Environmental Commission Chair (EC) Kathleen Parrish presented a request for an ordinance limiting the amount of impervious coverage on different sized lots in Byram at the council’s last meeting. She said the ordinance would help prevent run-off of pesticides and herbicides into lakes, rivers, streams, and protect the drinking water. Impervious surfaces prevent rain water from passing through, including: driveways, paved rock ways, decks, swimming pools, additions, and patios.
When residents apply for a patio or addition, Parrish explained, the ordinance would consider the percentage of impervious surface being added to the entire property, or if the property is near a body of water. Additionally, she said, ways to prevent run-off would be to require rain gardens, dry wells, or retention basins.
During discussion, Deputy Mayor Rayond Bonker said he appreciated the EC volunteer efforts to make Byram a better town, and the EC should educate residents about best practices. Furthermore, he said, he is philosophically opposed to any further infringement on private property rights. He said he prefers giving people maximum private property rights, minimizing government, and not the other way around. No matter how well intentioned those efforts may sound, Bonker added, he will actively oppose any ordinance which attempts to further weaken private property rights.
Councilwoman Cris Franco agreed about not restricting usage of private property rights, and she said she understands there should be some guidance.

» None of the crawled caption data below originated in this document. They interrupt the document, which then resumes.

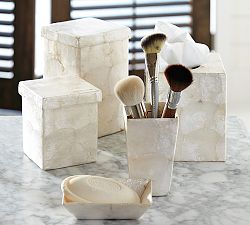 Capiz Bath Accessories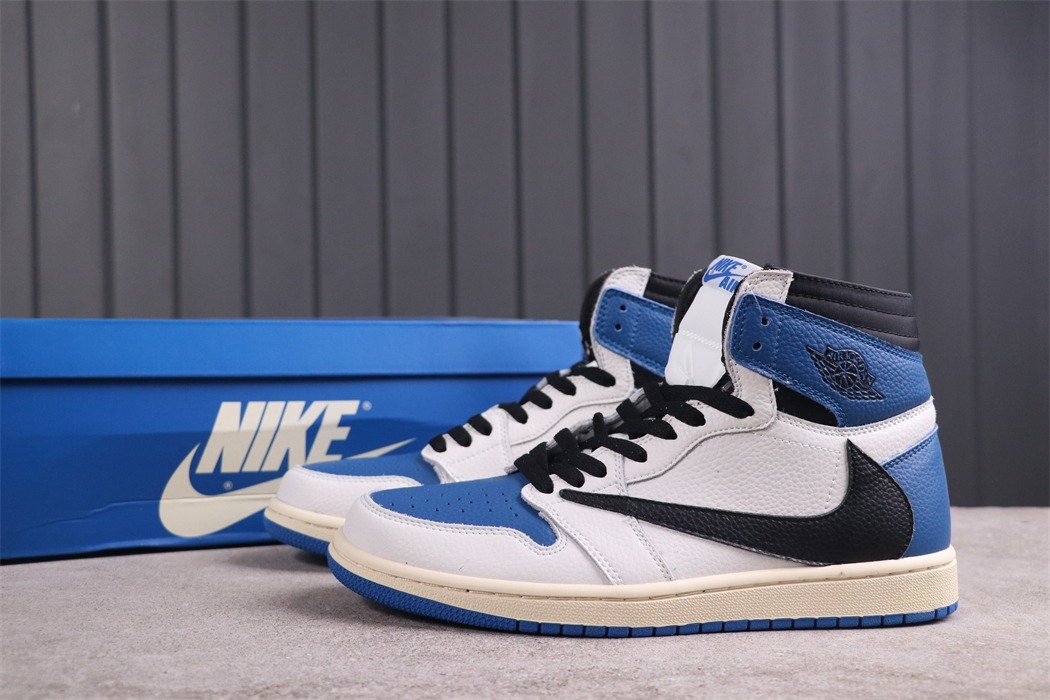 US$36 Travis Scott Air Jordan 1 Hi Military Blue DH3227-105 Size 36-47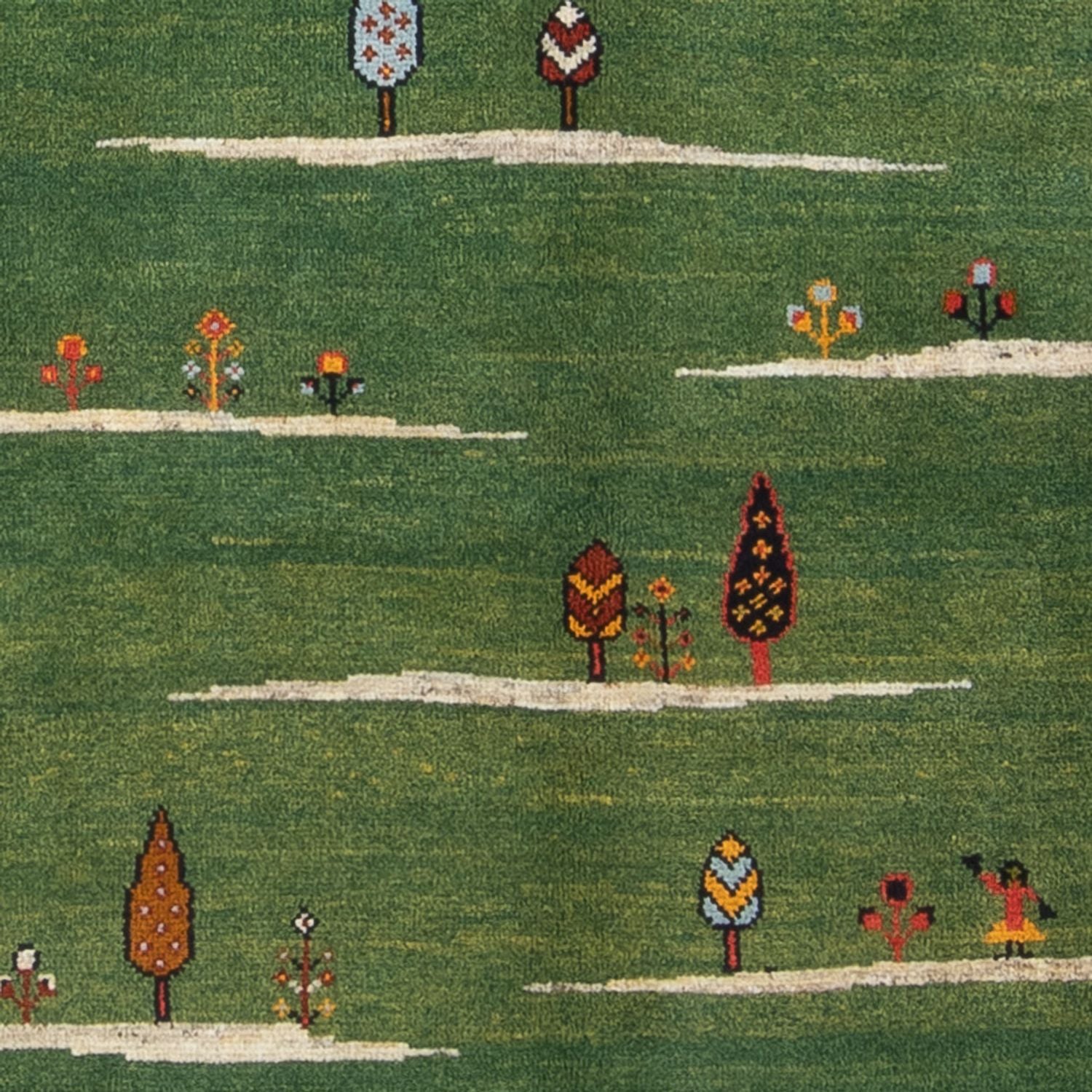 Gabbeh-tæppe - Persisk - 183 x 120 cm - grøn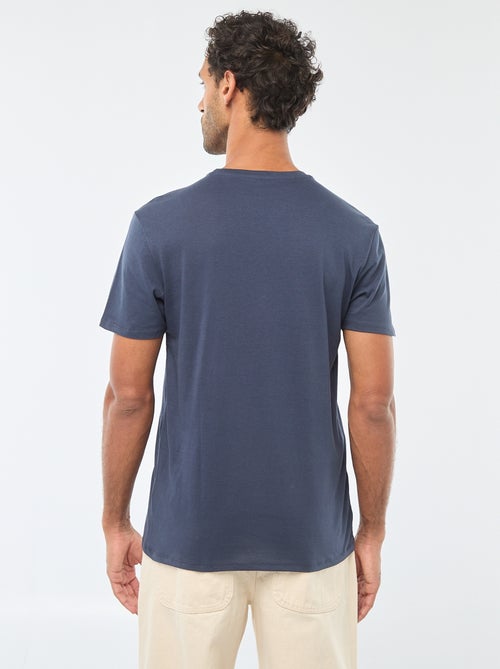 T-shirt met ronde hals, korte mouwen en print - Kiabi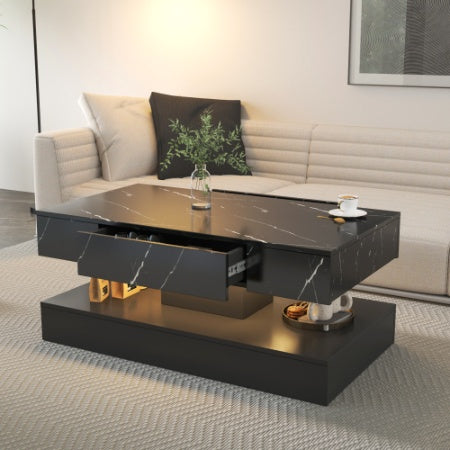 Buy Modern 6.93IN High LED Coffee Table for Living Room Decor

Mayor Alexander Rubenstein asked how many quarter acre lots would comply today with the numbers being proposed in the ordinance. After calculations, he determined that the maximum amount of impervious coverage for a quarter acre would be around 1,570 square feet, which he said seemed restrictive, and nobody could comply with today.
Rubenstein also agreed that the proposed ordinance placed many restrictions on what people can do with their private property, and he wants people to be able to enjoy their property. He said that he did not like introducing an ordinance which restricts what every person on the lake front is able to do.
Councilman Jack Gallagher said 95 percent of the people who live on the lake pay attention to what they are doing to the lake. He also was not in favor of the proposed ordinance.
Councilman Harvey Roseff recommended sending the ordinance idea to the Planning Board for their input.